YAMMBS relies on QCSubmit to provide datasets from QCArchive. See their docs, particularly the dataset retrieval example, for more.

Currently only optimization datasets (OptimizationResultCollection in QCSubmit) are supported.

First, retrieve a dataset from QCArchive:

from qcportal import PortalClient

from openff.qcsubmit.results import OptimizationResultCollection


client = PortalClient("https://api.qcarchive.molssi.org:443", cache_dir=".")

season1_dataset = OptimizationResultCollection.from_server(
    client=client,
    datasets="OpenFF Industry Benchmark Season 1 v1.1",
    spec_name="default",
)

After retrieving it - and after applying filters to remove problematic records - you can dump it to disk to avoid pulling down all of the data from the server again.

with open("qcsubmit.json", "w") as f:
    f.write(season1_dataset.json())

Once an OptimizationResultCollection is in memory, either by pulling it down from QCArchive or loading it from disk, convert it to a "YAMMBS input" model using the API:

from yammbs.inputs import QCArchiveDataset


season1_dataset = OptimizationResultCollection.parse_file("qcsubmit.json")

dataset = QCArchiveDataset.from_qcsubmit_collection(season1_dataset)

with open("input.json", "w") as f:
    f.write(dataset.model_dump_json())

This input model (QCArchiveDataset) stores a minimum amount of information to use these QM geometries as reference structures. The dataset has fields for tagging the name and model version, but mostly stores a list of structures. Each QM-optimized structure is stored as a QCArchiveMolecule object which stores:

  • (Mapped) SMILES which can be used to regenerate the openff.toolkit.Molecule and similar objects
  • QM-optimized geometry
  • Final energy from QM optimization
  • An ID uniquely defining this structure within the datasets

If running many benchmarks, we recommend using this file as a starting point.

Note: This JSON file ("input.json") is from a different model than the JSON file written from QCSubmit - they are not interchangeable.

Note: Both QCSubmit and YAMMBS rely on Pydantic for model validation and serialization. Even though both use V2 in packaging, YAMMBS uses the V2 API and (as of October 2024) QCSubmit still uses the V1 API. Usage like above should work fine; only esoteric use cases (in particular, defining a new model that has both YAMMBS and QCSubmit models as fields) should be unsupported.

Run a benchmark

With the input prepared, create a MoleculeStore object:

from yammbs import MoleculeStore

store = MoleculeStore.from_qcarchive_dataset(dataset)

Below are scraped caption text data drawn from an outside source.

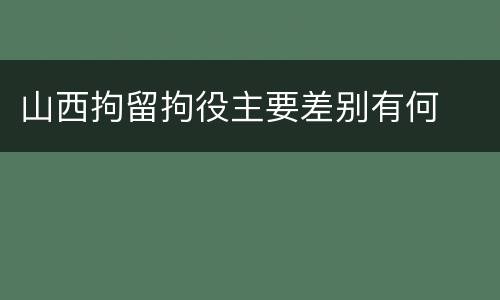 山西拘留拘役主要差别有何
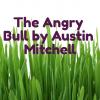 The Angry Bull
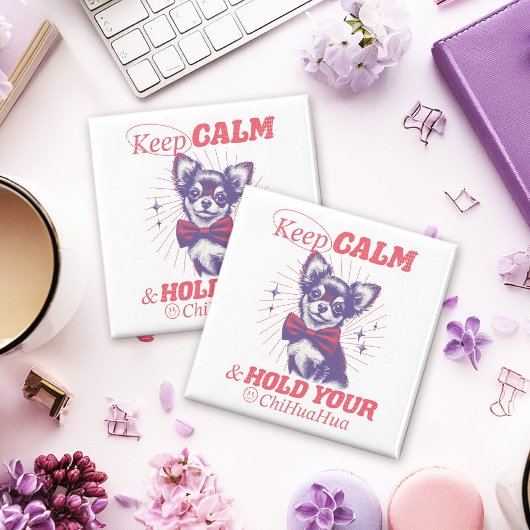  Blijf kalm en houd uw Chihuahua-offerte vast Magneet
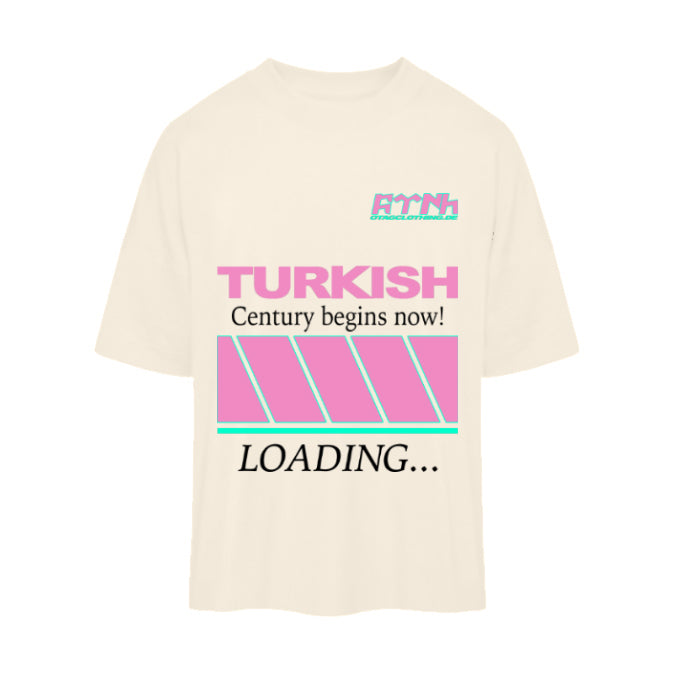 TURKISH CENTURY BEGINS NOW ! - OVERSIZED HEAVY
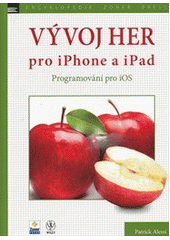 kniha Vývoj her pro iPhone a iPad programování pro iOS, Zoner Press 2012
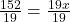 \frac{152}{19}= \frac{19x}{19}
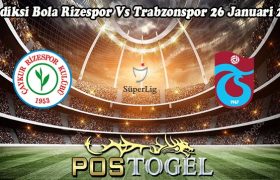 Prediksi Bola Rizespor Vs Trabzonspor 26 Januari 2024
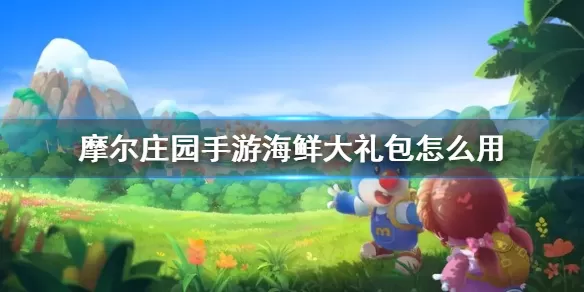摩尔庄园手游海鲜大礼包怎么用?摩尔庄园手游海鲜大礼包使用方法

This object is the focal point of running benchmarks; it stores the inputs (QM structures), runs minimizations with force field(s) of interest, stores the results (MM structures), and provides helper methods for use in analysis.

Run MM optimizations of all molecules using a particular force field(s) using optimize_mm:

store.optimize_mm(force_field="openff-2.1.0.offxml")

# can also iterate over multiple force fields, and use more processors
for force_field in [
    "openff-1.0.0.offxml",
    "openff-1.3.0.offxml",
    "openff-2.0.0.offxml",
    "openff-2.1.0.offxml",
    "openff-2.2.1.offxml",
    "gaff-2.11",
    "de-force-1.0.1.offxml",
]:
    store.optimize_mm(force_field=force_field, n_processes=16)

This method short-circuits (i.e. does not run minimizations) if a force field's results are already stored. i.e. the Sage 2.1 optimizations in the loop will be skipped.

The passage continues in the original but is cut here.